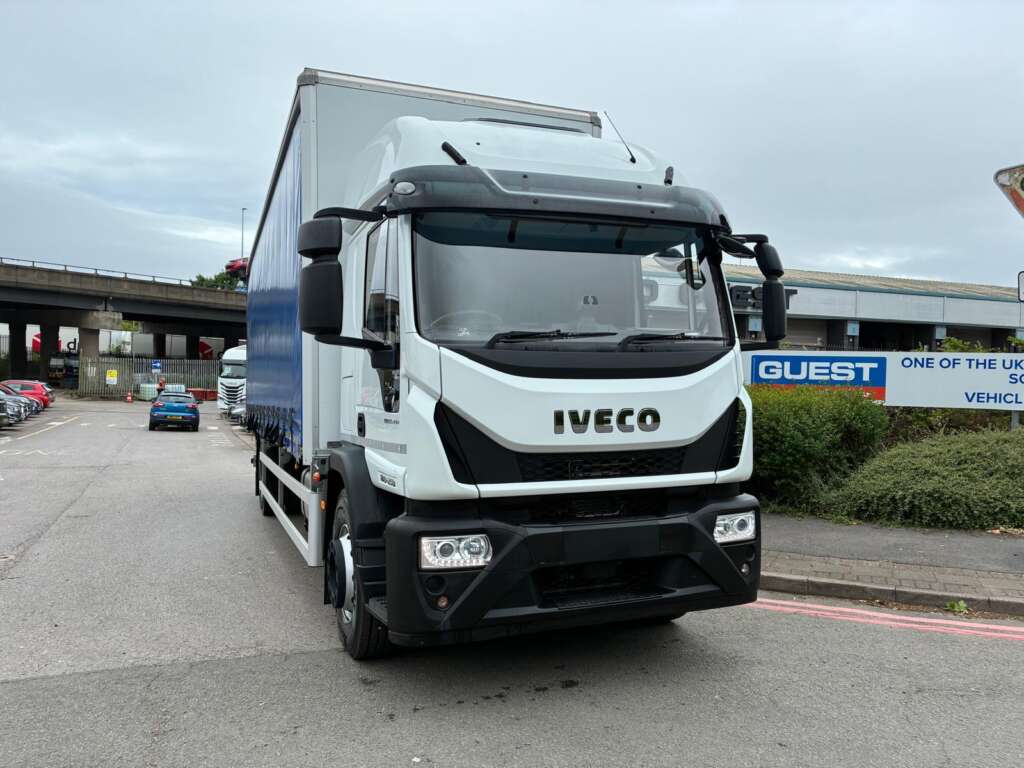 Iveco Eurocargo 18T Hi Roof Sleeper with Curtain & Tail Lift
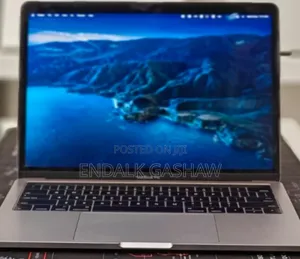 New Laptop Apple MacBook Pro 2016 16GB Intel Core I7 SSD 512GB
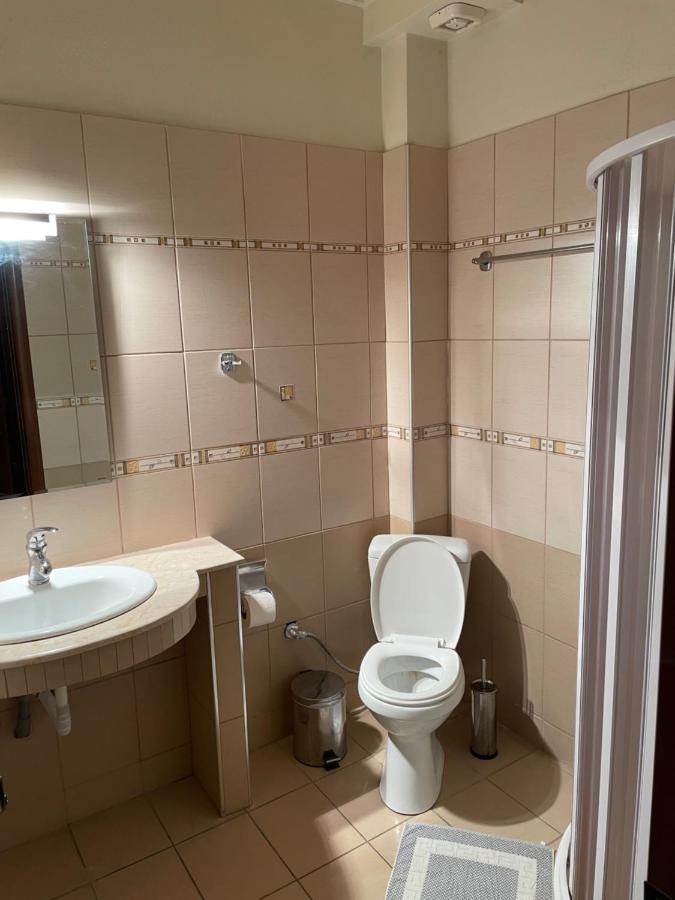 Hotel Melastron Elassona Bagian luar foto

----------------------------------------

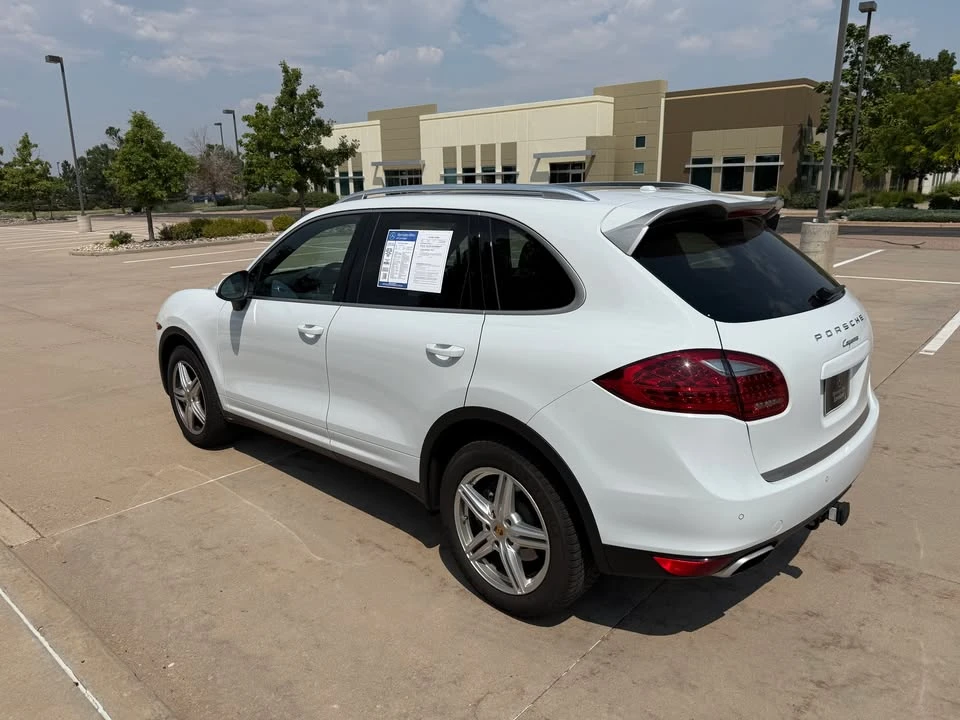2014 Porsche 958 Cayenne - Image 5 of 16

----------------------------------------

PROBLEM STATEMENT: The lines to copy exactly start with the line above that has "Iveco Eurocargo 18T" and go on through the line that has "Hotel Melastron Elassona Bagian luar foto"; please include both, add nothing else, and omit the pictures.

ANSWER SECTION:
 Iveco Eurocargo 18T Hi Roof Sleeper with Curtain & Tail Lift
 New Laptop Apple MacBook Pro 2016 16GB Intel Core I7 SSD 512GB
 Hotel Melastron Elassona Bagian luar foto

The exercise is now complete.